WHAT YOU SHOULD DO = What you write should match, word for word, the lines from the one containing "TIFFANY&Co. Return to" through the end of the data, with no pictures.

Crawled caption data
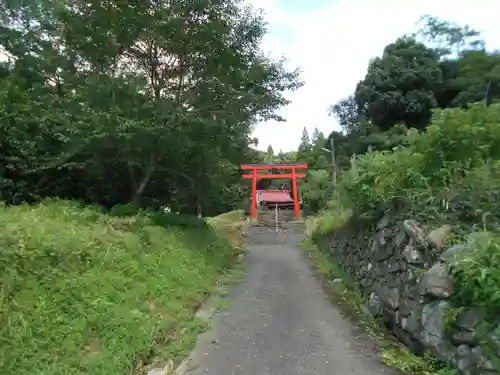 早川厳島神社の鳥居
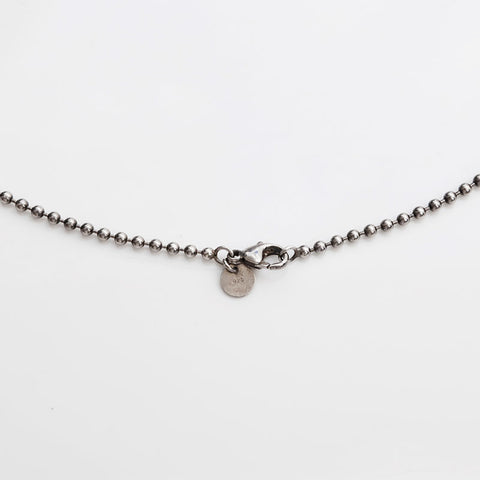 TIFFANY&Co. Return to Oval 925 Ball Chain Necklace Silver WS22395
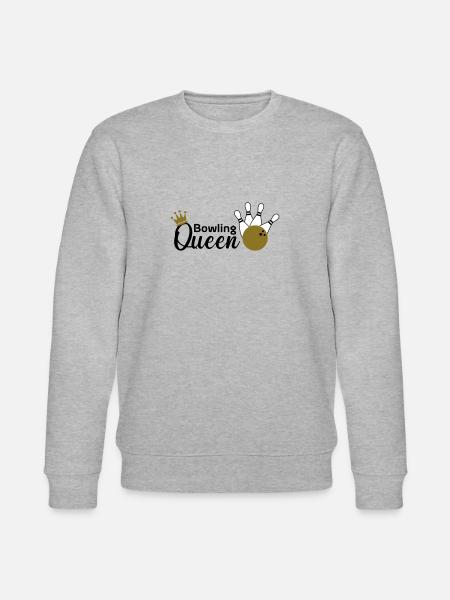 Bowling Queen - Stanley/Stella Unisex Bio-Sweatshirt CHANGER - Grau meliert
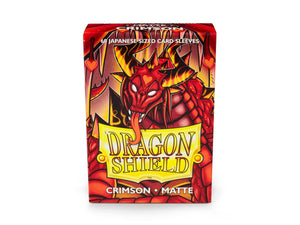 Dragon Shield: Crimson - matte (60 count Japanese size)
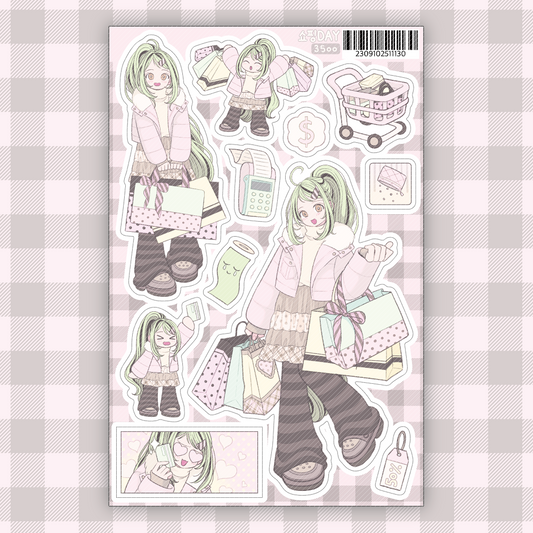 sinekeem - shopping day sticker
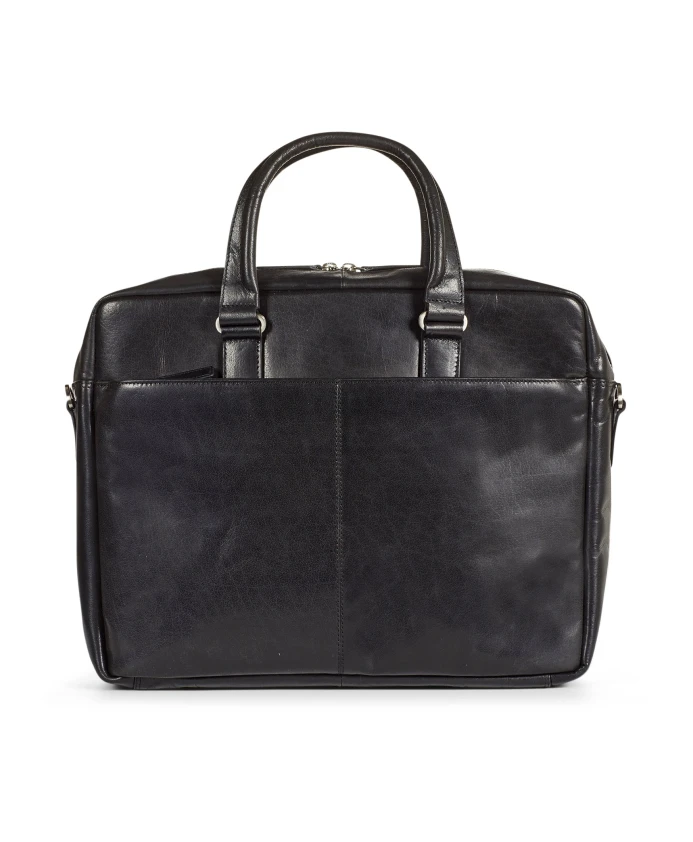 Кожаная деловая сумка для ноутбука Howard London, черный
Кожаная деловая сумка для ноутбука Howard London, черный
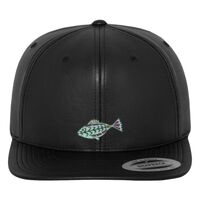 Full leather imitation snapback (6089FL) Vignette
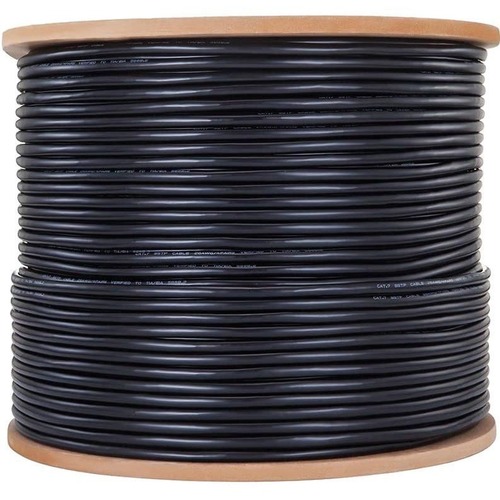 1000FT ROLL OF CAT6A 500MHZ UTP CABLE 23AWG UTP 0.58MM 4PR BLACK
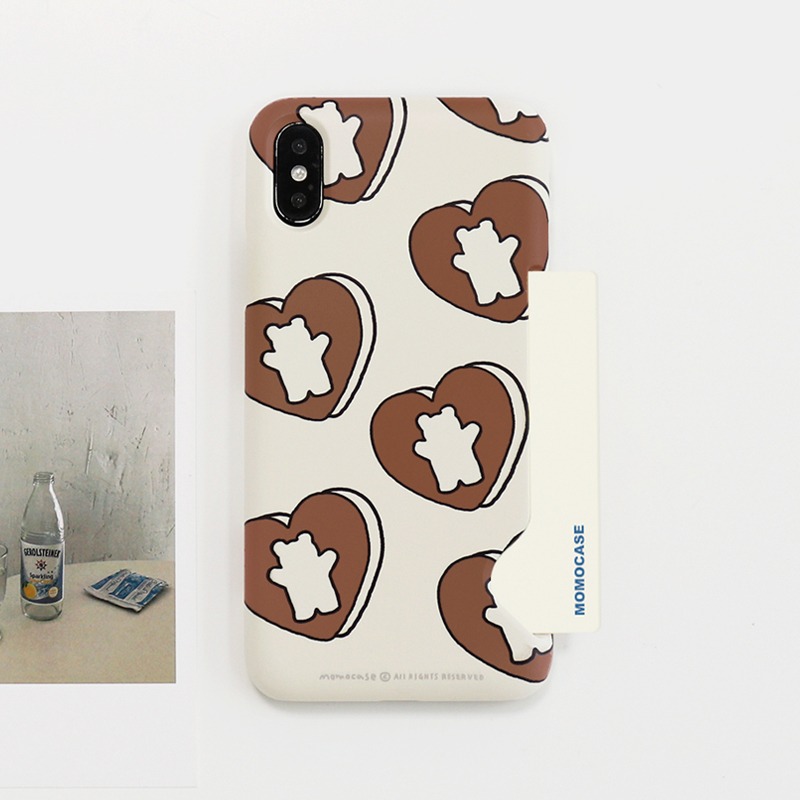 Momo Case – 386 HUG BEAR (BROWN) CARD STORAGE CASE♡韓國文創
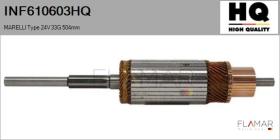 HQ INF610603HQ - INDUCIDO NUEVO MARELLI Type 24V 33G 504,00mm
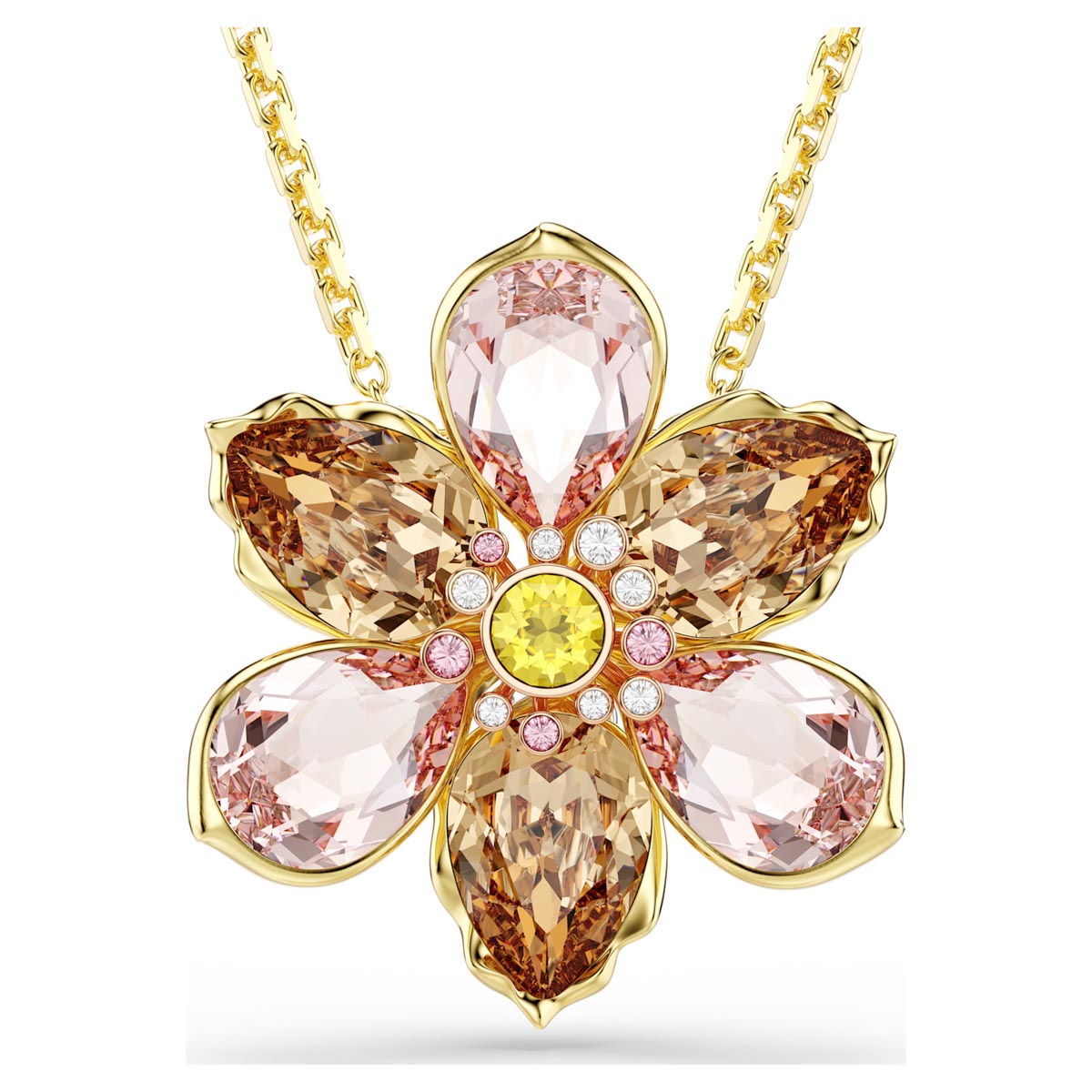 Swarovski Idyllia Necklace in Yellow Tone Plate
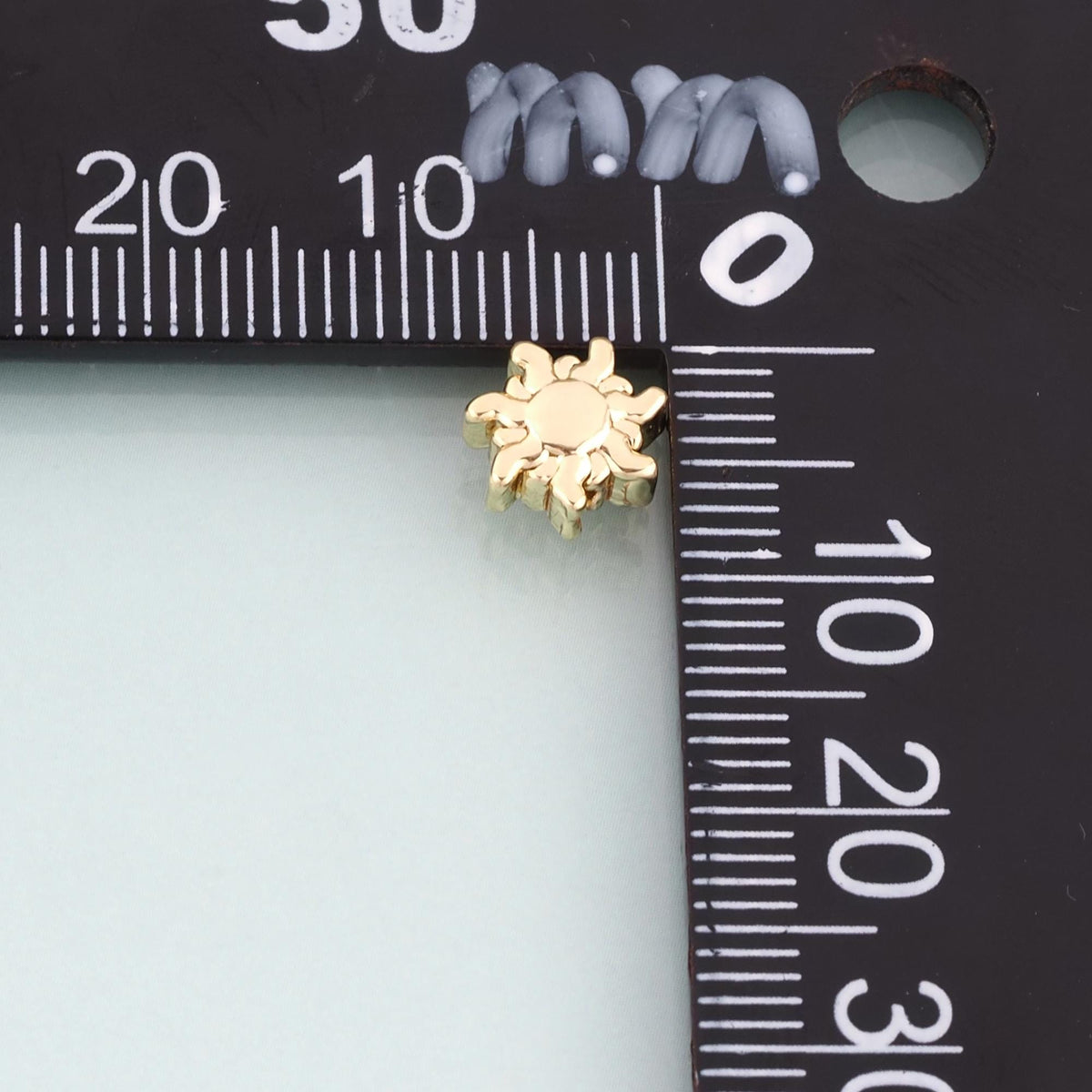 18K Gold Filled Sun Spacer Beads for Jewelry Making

EXPECTED ANSWER =
 TIFFANY&Co. Return to Oval 925 Ball Chain Necklace Silver WS22395
 Bowling Queen - Stanley/Stella Unisex Bio-Sweatshirt CHANGER - Grau meliert
 Dragon Shield: Crimson - matte (60 count Japanese size)
 sinekeem - shopping day sticker
 Кожаная деловая сумка для ноутбука Howard London, черный
Кожаная деловая сумка для ноутбука Howard London, черный
 Full leather imitation snapback (6089FL) Vignette
 1000FT ROLL OF CAT6A 500MHZ UTP CABLE 23AWG UTP 0.58MM 4PR BLACK
 Momo Case – 386 HUG BEAR (BROWN) CARD STORAGE CASE♡韓國文創
 HQ INF610603HQ - INDUCIDO NUEVO MARELLI Type 24V 33G 504,00mm
 Swarovski Idyllia Necklace in Yellow Tone Plate
 18K Gold Filled Sun Spacer Beads for Jewelry Making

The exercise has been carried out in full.